“Yeah. He’s lost a good bit of his hearing over the years. He wears hearing aids when he’s out of the ring, and those seem to help, but we use a lot of sign language.”
“He’s deaf?” I gasped, and my face must have paled, because she reached out and squeezed my hand.
“No! He’s . . . just . . . heading in that direction,” she amended. “He can still hear some, and with his hearing aids, it’s significantly better. I’m only telling you this because tonight, at dinner, you’ll probably be the only one who doesn’t know sign. Sometimes, when the guys get going, they’ll forget to talk.”
I stared blankly ahead as the weight of having been on the run for the last three years sank in. “I can’t believe I missed all this,” I told her without looking in her direction. “First, it was Flint’s first steps. Now, Q’s deaf.”
“Oh, Flint’s first steps were no big deal.”
“Why does everyone keep saying that?” I yelled entirely too loudly. “He told me the exact same thing. I’m sorry, but walking is a huge deal!”
She was sitting only a few inches away, but I’m relatively sure half the gym heard me.
“Shhh,” she urged, looking over her shoulder to see how many people had witnessed my sudden outburst. “I didn’t mean it like that, Ash. It’s just . . . His first steps weren’t a big deal. It was the day he put away the wheelchair for good that was so huge for him. That was the day he regained a part of his life. I went with him and Till when he donated his wheelchairs. I begged him to keep one—just in case, ya know? But he was adamant that he wanted them all gone. With the exception of this afternoon, I’ve never in my life seen Flint happier than that day when he walked back to the car wheelchair-free.”
With the exception of this afternoon.
I looked down at my lap as my cheeks began to flush.
Yeah, I was pretty happy this afternoon too.
“Besides, you should never listen to anything Flint says is no big deal. He graduated college in two years.” She threw up a pair of air quotes then said, “‘No big deal.’ He landed one of the biggest professional boxers on the scene his first week on the job.” More air quotes. “‘No big deal.’ The kid used a lump sum of money Till had given him as a graduation present to buy a house at twenty-two.” She looked at me.
“No big deal?” I guessed.
“Not to Flint.” She shrugged. “There has been exactly one ‘big deal’ as long as I’ve known him.” She leaned in close and reiterated. “One. Any guesses?”
Oh, I had a guess. I just wasn’t brave enough to utter it. I shook my head instead.

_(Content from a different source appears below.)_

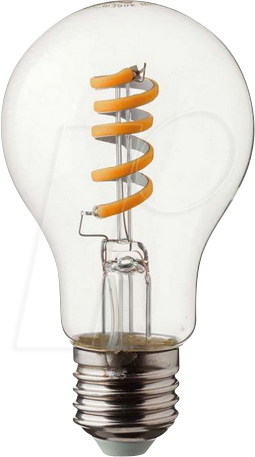 VT-217336 - LED-Lampe, E27, 4 W, 300 lm, 2700 K, Filament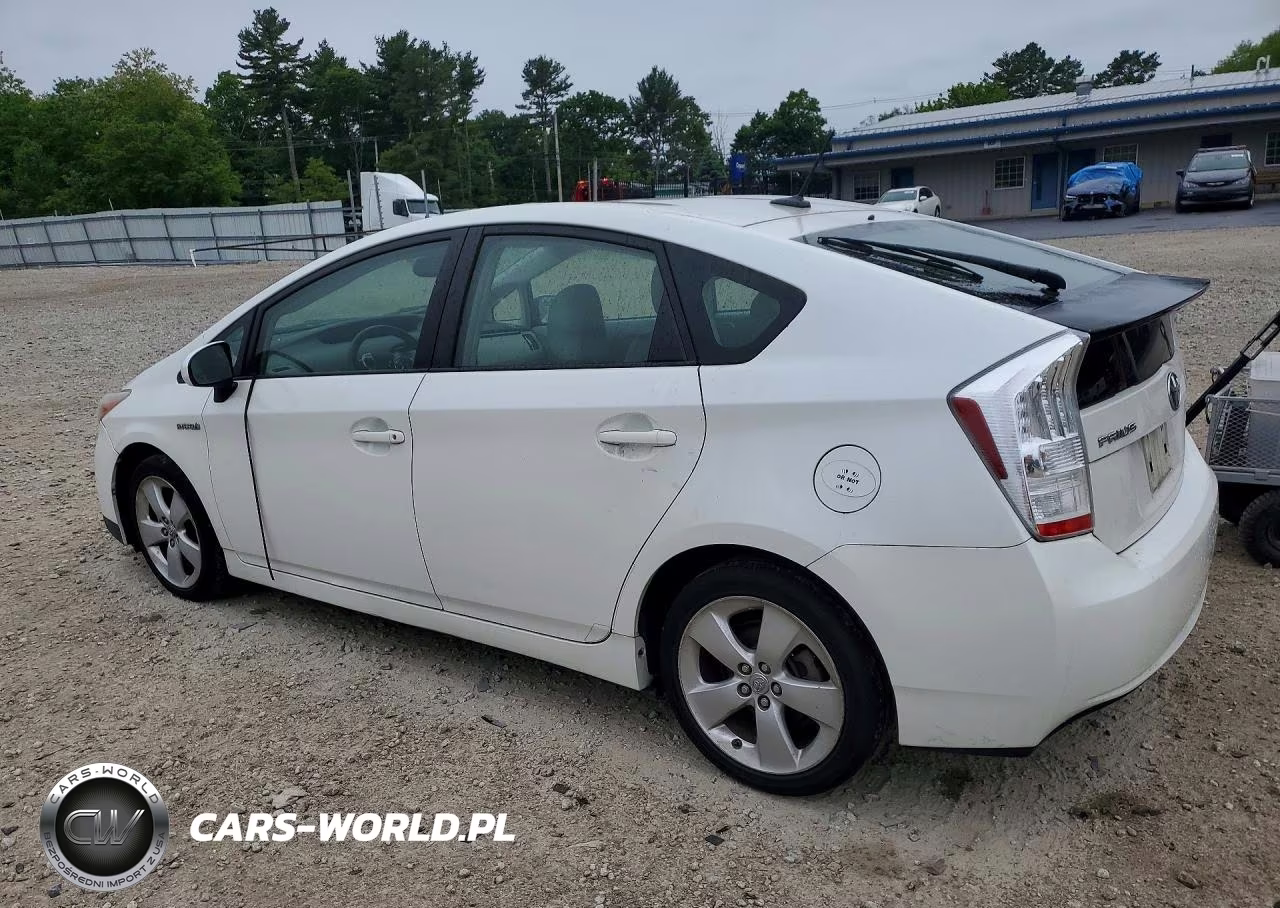 2010 Toyota Prius V VIN:JTDKN3DU6A0059760 - 2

“You,” she whispered with a smile before her face shifted to serious. “Ash, you seem like a great girl, and I can’t wait to get to know you, but I’ll be very honest here. We’re all worried about how this is going to go down with you two. The reason we poured every resource we had into finding you is because if Flint thought you were a big deal, then it was infinitely bigger than that. It was the enormous, life-changing, forever kind of deal.”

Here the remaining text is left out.